4

I have a timeseries of datetime, double columns stored in mySQL and would like to sample the timeseries every minute (i.e. pull out the last value at one minute intervals). Is there an efficient way of doing this in one select statement?

The brute force way would involve either selecting the whole series and doing the sampling on the client side or sending one select for each point (e.g. select * from data where timestamp<xxxxxxxxx order by timestamp desc limit 1).

Andriy M
  • 76,112
  • 17
  • 94
  • 154
DD.
  • 21,498
  • 52
  • 157
  • 246

2 Answers2

8

You could convert your timestamps to UNIX timestamps, group by unix_timestamp DIV 60 and pull the maximum timestamps from each group. Afterwards join the obtained list back to the original table to pull the data for the obtained timestamps.

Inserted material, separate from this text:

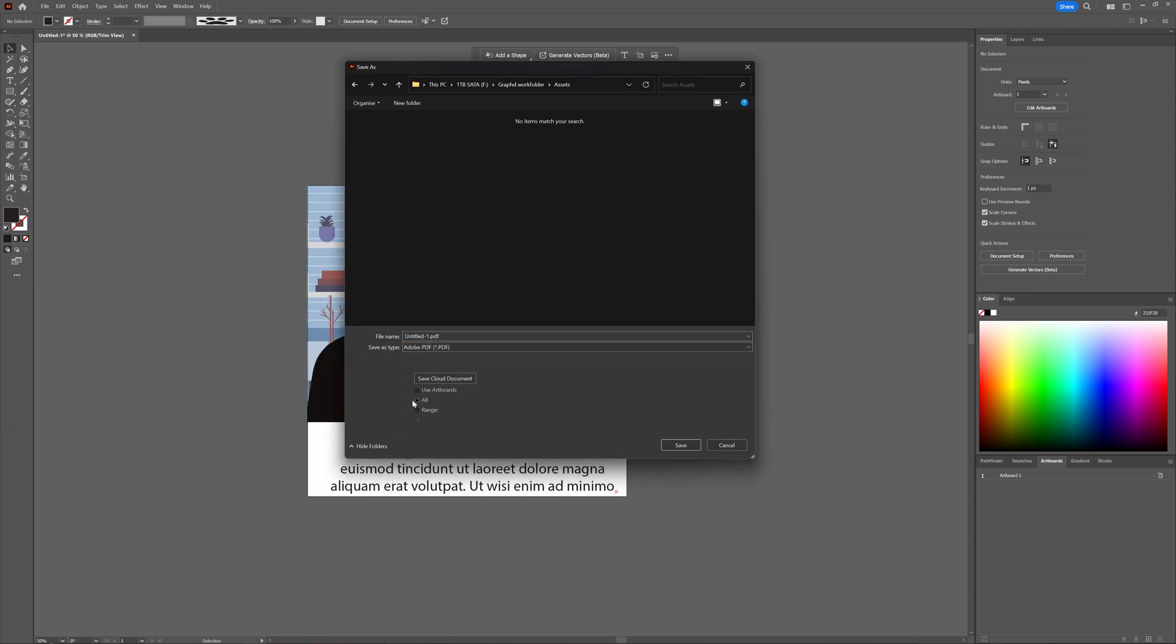Now, you can say all, or you can use a range if you have multiple pages, and you just want a couple of pages, but in this case, I only have one, and I want all of it.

Basically it might look something like this:

SELECT
  t.*  /* you might want to be more specific here */
FROM atable t
  INNER JOIN (
    SELECT
      MAX(timestamp) AS timestamp
    FROM atable
    GROUP BY UNIX_TIMESTAMP(timestamp) DIV 60
  ) m ON t.timestamp = m.timestamp
Andriy M
  • 76,112
  • 17
  • 94
  • 154
  • `GROUP BY UNIX_TIMESTAMP(timestamp) DIV 60`... just awesome! I wonder, if this can make use of an index on timestamp? Or would you have any other recommendations for optimizations, so this will work on extremely large datasets, other than aggregating statistics in a separate table? – Domi Mar 29 '15 at 19:46
  • 1
    @Domi: Thanks. I doubt very much this would use an index on `timestamp`. As I'm not really a MySQL expert, I'm not sure what to suggest as a good alternative. This is basically a "greatest N per group" problem, and on large datasets I personally might try an established, even though very MySQL-specific, method of solving this kind that involves variables, something along the lines of [this answer](http://stackoverflow.com/a/12114021) (something, too, that I suspect I probably didn't know at the time of answering this question, if I'm perfectly honest). – Andriy M Mar 29 '15 at 20:17
4

You can use DATE_FORMAT to get just the parts of the datetime that you want. You want to get the datetime down to the minute, and then for each group with that "rounded-off" time, get the row with the maximum time.